Um diagrama pode dar uma grande ajuda na compreensão de
um texto. A menos que a aparelhagem seja muito vulgar, um diagrama
desta deve, quase sempre, ser incluído. Os gráficos
são muito convenientes e práticos para mostrar os
resultados. Devem ser tão simples quanto possível,
tal como os diagramas. Na versão final impressa os gráficos
e diagramas são geralmente reduzidos 2 a 3 vezes relativamente
aos originais, por isso, a menos que as linhas e texto estejam
grossos no original, a versão final pode parecer leve e
pouco distinguível.
Outra maneira prática de apresentar os resultados são
as tabelas. Têm a grande vantagem de sobressair do texto
e o leitor pode encontrar resultados fácilmente. No entanto
não se deve exagerar no número de tabelas para evitar
a pesquisa fastidiosa dos resultados importantes.
Muitas revistas científicas publicam, na própria
revista ou num panfleto separado, instruções para
os autores, de maneira a que os artigos nelas publicados apresentem
um mesmo estilo gráfico. É aconselhável ler
estas instruções antes de escrever o artigo na sua
forma final para evitar trabalho adicional mais tarde. Estas instruções
referem-se, em geral, ao formato dos títulos das secções,
às abreviaturas, referências, notas de rodapé,
tabelas, diagramas e gráficos. Algumas revistas já
aceitam o texto em formatos electrónicos (TEX, processadores
de texto específicos ou outros).
A clareza é uma qualidade essencial na escrita científica.
Podemos distinguir dois tipos.
(a) Clareza estrutural. Um texto possui clareza estrutural se
o leitor pode seguir com facilidade o delinear da argumentação
- ver a ideia geral apesar dos pormenores. Tópicos semelhantes
devem ser agrupados, e estes grupos colocados numa ordem lógica.

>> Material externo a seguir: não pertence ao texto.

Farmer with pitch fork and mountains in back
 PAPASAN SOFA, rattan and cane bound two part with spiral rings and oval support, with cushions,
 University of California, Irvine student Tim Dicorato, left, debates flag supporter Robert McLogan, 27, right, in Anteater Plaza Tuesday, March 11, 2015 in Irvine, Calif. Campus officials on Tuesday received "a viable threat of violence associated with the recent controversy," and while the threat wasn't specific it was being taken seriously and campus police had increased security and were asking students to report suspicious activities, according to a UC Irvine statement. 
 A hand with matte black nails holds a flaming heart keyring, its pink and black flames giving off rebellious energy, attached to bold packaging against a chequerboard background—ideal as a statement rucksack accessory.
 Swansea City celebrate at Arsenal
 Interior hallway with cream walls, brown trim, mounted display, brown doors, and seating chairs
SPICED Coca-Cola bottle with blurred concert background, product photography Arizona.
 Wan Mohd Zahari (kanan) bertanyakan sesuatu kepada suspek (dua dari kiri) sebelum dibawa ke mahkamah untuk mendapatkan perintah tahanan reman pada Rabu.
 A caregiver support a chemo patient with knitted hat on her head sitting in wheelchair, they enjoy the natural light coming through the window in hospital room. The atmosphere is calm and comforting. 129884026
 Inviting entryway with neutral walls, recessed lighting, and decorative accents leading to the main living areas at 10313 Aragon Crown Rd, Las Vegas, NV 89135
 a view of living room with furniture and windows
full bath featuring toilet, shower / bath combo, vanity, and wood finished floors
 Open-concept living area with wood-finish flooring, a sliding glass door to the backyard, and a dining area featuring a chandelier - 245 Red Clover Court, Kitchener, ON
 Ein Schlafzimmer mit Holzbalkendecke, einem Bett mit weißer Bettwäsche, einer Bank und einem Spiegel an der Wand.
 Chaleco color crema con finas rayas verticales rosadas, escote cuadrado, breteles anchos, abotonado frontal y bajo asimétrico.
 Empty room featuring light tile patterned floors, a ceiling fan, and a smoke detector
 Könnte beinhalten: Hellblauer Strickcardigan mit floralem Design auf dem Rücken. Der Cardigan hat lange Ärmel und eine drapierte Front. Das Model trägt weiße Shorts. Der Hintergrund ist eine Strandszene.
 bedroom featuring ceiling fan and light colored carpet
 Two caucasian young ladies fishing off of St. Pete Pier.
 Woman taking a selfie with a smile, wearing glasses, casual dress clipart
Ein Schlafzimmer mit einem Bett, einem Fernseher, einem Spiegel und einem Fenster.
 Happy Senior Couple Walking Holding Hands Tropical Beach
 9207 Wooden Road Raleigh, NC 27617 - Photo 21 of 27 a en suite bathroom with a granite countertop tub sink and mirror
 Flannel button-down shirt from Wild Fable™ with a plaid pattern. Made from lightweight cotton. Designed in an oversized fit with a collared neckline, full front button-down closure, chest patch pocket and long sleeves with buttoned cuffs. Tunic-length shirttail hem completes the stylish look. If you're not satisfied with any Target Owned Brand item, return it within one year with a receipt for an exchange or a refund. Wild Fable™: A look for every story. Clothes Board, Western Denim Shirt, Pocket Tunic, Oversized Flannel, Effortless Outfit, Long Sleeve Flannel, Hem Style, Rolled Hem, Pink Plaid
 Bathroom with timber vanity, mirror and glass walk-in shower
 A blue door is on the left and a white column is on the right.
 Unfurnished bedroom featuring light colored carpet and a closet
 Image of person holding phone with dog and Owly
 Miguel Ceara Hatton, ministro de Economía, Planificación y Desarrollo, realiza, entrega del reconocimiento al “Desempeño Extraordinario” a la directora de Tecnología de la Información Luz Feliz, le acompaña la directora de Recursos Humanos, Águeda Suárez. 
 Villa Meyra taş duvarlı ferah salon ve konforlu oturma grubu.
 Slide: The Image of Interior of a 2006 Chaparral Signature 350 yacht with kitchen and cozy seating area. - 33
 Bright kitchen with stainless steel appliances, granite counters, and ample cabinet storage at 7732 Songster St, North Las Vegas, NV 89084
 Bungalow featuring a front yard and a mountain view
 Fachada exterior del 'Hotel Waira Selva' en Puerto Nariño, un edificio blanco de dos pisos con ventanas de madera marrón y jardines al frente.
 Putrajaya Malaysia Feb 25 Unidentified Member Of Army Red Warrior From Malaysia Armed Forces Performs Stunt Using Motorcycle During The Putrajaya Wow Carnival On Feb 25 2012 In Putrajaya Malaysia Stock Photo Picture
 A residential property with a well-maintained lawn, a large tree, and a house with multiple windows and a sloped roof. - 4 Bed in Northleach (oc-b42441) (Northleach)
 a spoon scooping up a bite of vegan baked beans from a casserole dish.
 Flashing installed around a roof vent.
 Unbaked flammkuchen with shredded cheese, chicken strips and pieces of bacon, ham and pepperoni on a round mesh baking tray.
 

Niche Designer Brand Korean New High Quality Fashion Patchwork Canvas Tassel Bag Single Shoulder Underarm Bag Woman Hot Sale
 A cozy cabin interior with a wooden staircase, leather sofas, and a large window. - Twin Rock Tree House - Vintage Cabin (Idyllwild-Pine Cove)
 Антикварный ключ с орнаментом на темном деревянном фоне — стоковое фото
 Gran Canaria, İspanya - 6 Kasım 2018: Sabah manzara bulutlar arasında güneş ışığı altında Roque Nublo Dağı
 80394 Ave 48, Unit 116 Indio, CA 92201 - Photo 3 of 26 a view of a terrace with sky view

É fortemente aconselhado escrever um esquema geral antes
de começar a escrever o artigo. Trata-se de um diagrama
esquemático em que todas as ideias, argumentos, detalhes
experimentais, etc. estejam representados por uma palavra ou frase
curta. Quando se faz este esquema, o conjunto é vista de
uma forma mais clara e abrangente, e, além disso, é
mais fácil modificá-lo se não estivermos
satisfeitos com o que temos. As secções principais
devem corresponder ao plano apresentado na secção
8.4.
(a) Clareza de exposição. O outro tipo de clareza,
que se pode designar por clareza de exposição, consiste
em fazer o leitor entender exactamente aquilo que estamos a tentar
comunicar-lhe em cada passo da exposição.
Consideremos novamente o extracto do artigo sobre os Raios Catódicos
de Thomson. É de uma clareza cristalina. Somos levados
de um ponto para o seguinte. Notar a frase 'so far from beeing
wholly aethereal'. Mesmo que tivesse sido omitida ainda podíamos
seguir a discussão, mas o contraste explícito é
útil. Facilitar as coisas ao leitor é vantajoso
em qualquer tipo de escrita, mas particularmente na escrita científica.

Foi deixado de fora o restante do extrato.